The conference, entitled "The Chapter 15 International
Insolvency Institute:

An Audio Primer on Cross-Border Bankruptcy Rules" will be held
on April 3, 2008 at 1:30 PM Eastern Time.  It aims to make
international bankruptcy proceedings understandable, in a
convenient, interactive learning format.

The live 90-minute telephone conference with interactive Q&A
session with unlimited enrollment per call-in site will be
presented by two  Greenberg Traurig attorneys, Luis Salazar and
Paul Keenan.

Register now at

http://beardaudioconferences.com/bin/shopping_cart?code=BR-
042&type=AC&choice=1

or learn more at

http://beardaudioconferences.com/bin/conference_details?code=BR-
042

In today's multi-national corporate world, cross-border
restructurings trigger special challenges for creditors and
debtors alike.

To avoid mistakes, enroll in this live audio conference, where
International experts will lead you step-by-step through the
major stages of a Chapter 15 filing.

Luis Salazar and Paul Keenan will explain the current Chapter 15
rules, clarify often-confusing terms such as COMI, outline your
legal options, and update you on the latest developments.
Salazar and Keenan will use real-world case studies such as Bear
Sterns and SPhinX Funds to illustrate key concepts and spotlight
crucial court decisions.

You'll receive:

* A logical, easy-to-follow guide to international insolvency
   proceedings

* Plain-English explanations of the most important concepts and
   buzzwords you need to know

* Snapshots of key decision pathways, including determining
   main vs. non-main centers of interest

* Explanations of who's eligible to file for Chapter 15

* Descriptions of pre- and post-recognition relief available

* What are the stay exceptions

* How Chapter 15 relates to EU regulations and other global
   rules

* Case studies of key court decisions, including

    -- Tri-Continental Exchange
    -- SPhinX Funds
    -- Compania del Alimentos Fargo, S.A.
    -- Katsumi Iida

* Why the Bear Stearns case is important in determining
   jurisdictional oversight

* Practical strategies for today's creditors and debtors facing
   international insolvency decisions

Early-Bird Registration Discount

Register by Thursday, March 27, and save US$50 off the regular
tuition.

Tuition is US$245 prior to March 27; US$295 afterwards.
Remember, the tuition includes written materials and an
unlimited number of attendees at each dial-in site.
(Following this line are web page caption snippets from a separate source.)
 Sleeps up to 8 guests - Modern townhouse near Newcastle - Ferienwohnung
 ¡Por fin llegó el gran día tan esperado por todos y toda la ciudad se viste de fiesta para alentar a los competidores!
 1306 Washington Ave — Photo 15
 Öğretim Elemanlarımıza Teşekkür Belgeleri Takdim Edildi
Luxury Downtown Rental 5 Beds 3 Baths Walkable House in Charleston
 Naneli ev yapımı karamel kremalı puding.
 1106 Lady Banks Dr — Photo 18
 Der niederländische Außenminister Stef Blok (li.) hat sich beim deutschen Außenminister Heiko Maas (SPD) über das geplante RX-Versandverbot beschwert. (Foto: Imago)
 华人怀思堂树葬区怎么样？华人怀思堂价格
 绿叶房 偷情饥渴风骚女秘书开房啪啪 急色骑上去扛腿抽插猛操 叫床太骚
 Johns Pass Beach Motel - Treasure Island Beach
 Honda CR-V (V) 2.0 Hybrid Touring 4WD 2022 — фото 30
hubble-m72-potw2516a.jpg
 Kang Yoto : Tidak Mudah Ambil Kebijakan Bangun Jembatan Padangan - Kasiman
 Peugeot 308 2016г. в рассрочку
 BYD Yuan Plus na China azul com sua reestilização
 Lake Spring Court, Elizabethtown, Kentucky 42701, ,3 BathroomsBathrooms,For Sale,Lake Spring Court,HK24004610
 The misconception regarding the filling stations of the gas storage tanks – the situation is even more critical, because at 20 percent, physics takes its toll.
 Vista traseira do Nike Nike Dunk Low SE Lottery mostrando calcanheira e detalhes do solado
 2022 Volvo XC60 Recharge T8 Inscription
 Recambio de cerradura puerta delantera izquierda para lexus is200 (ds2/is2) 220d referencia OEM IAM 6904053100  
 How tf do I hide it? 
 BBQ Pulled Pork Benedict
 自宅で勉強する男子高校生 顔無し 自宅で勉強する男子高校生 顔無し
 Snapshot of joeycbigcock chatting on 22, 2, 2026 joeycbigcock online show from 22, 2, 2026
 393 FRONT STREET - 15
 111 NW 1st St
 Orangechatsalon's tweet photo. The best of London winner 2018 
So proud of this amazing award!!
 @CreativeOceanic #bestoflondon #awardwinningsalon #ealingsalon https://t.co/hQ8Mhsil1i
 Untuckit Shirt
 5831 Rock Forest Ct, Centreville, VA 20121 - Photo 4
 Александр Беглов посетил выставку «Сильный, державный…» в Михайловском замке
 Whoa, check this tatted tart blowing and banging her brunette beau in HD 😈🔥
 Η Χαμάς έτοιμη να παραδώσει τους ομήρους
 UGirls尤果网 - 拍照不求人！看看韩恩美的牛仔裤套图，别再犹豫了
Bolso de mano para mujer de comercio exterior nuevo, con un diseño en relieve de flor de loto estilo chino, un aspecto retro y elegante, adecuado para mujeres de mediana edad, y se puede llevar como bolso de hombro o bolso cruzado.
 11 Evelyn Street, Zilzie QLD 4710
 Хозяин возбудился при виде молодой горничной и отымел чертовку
Continuing Legal Education Credit:

Training is accredited for 1.50 MCLEs in California, and
applications are pending in Texas and Tennessee.  New York State
has reciprocity with California.  For non-attorneys and
attorneys practicing in other states, Certificates of Attendance
are available upon request.

About the Instructors:

Described as one of South Florida's "legal elite" by Miami's
Daily Business Review, Luis Salazar is a shareholder in the
international law firm of Greenberg Traurig.  In his practice,
he counsels a diverse group of clients through difficult
situations -- from bet-the-company litigation, to surviving
severe financial distress, to dealing with the consequences of
data breaches.

Luis has led Chapter 11 reorganizations for many well-known
companies -- including Gerald Stevens, Fine Air and Arrow Air,
Xpedior, Scient, and others -- with combined assets exceeding $5
billion.  He also has led less well-known reorganizations, work-
outs and financial negotiations on behalf of clients in the
aviation, money-wiring, food service, import-export, and
Entertainment fields.  He currently serves as the Co-Chair of
the International Insolvency Committee of the American
Bankruptcy Institute.

Paul J. Keenan, Jr., is an attorney in the business
reorganization and bankruptcy practice of Greenberg Traurig's
Miami office, where he represents banks and other lending
institutions, debtors, unsecured creditors and asset
purchasers in corporate restructurings, loan workouts and
bankruptcy cases.

Paul speaks Spanish and has significant experience representing
lending institutions and debtors in cross-border corporate
restructurings and loan workouts, primarily in Latin America and
the Caribbean.

His experience includes representing a large Latin American
Telecommunications company in all aspects of its corporate and
financial restructuring; representing a major cruise line in the
negotiation, drafting and bankruptcy court approval of a DIP
financing facility; and representing U.S. investors in corporate
restructuring of an Argentine charter airline. Paul is chair of
the Latin America Committee for INSOL International and the co-
author of "Chapter 15: The U.S. Cross-Border Insolvency Law",
included in the latest edition of the PLC Cross-Border
Restructuring and Insolvency Handbook.

How to Register:

1. Call 240-629-3300 and charge the tuition investment of US$245
(US$295 after March 27, 2008) to a major credit card, or

2. Visit www.beardaudioconferences.com for fast and convenient
online registration.

3. Mail a check payable to Beard Audio Conferences to: Beard
Group, P.O. Box 4250, Frederick, MD 21705-4250 (checks must be
received 48 hours prior to conference).

Can't make the scheduled date and time? Order the Audio CD
recording of this conference.  Or get the CONFERENCE PLUS option
that allows one to attend the audio conference AND get the Audio
CD recording at a discounted price.

For either option, visit www.beardaudioconferences.com or call
(240) 629-3300.


                            ***********


S U B S C R I P T I O N   I N F O R M A T I O N

Troubled Company Reporter - Latin America is a daily newsletter
co-published by Bankruptcy Creditors' Service, Inc., Fairless
Hills, Pennsylvania, USA, and Beard Group, Inc., Frederick,
Maryland USA.  Marie Therese V. Profetana, Sheryl Joy P. Olano,
Rizande de los Santos, and Pamella Ritah K. Jala, Editors.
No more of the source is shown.